• [Exercise directions]:
Apart from the pictures, everything in the lines below must be printed exactly.

• [Given information]:
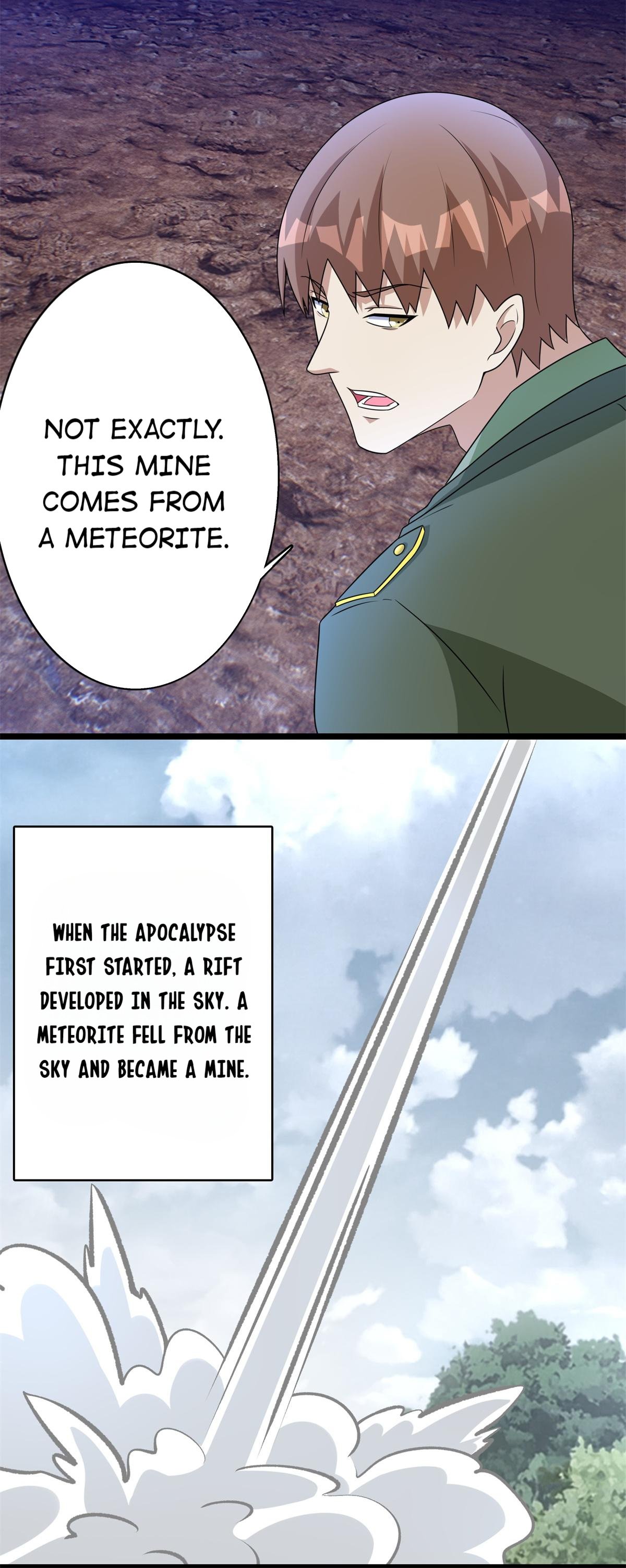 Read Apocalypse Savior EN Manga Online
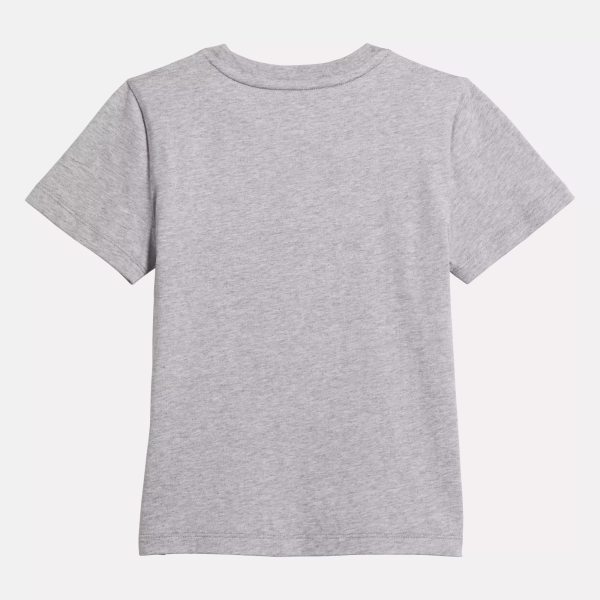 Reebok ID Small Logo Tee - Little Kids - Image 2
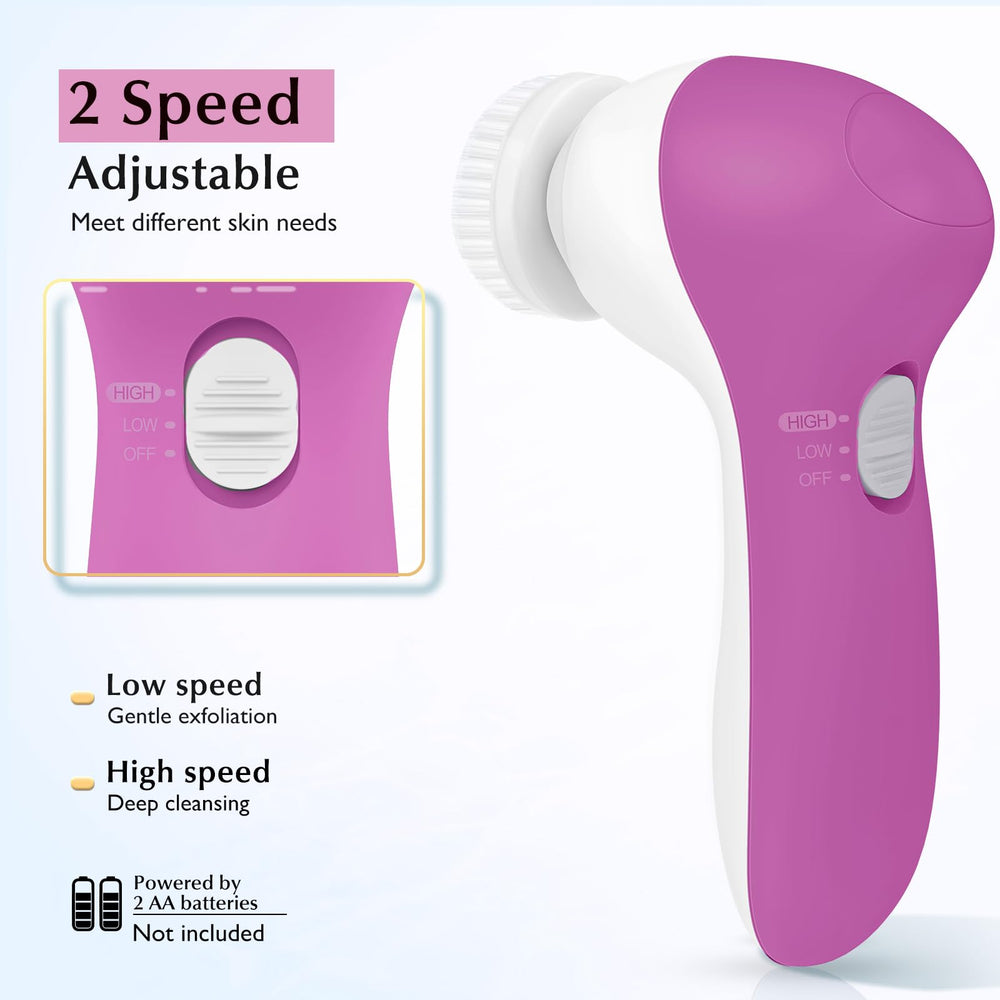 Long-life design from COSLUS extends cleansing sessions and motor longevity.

• [The answer]:
 Read Apocalypse Savior EN Manga Online
 Reebok ID Small Logo Tee - Little Kids - Image 2
 Long-life design from COSLUS extends cleansing sessions and motor longevity.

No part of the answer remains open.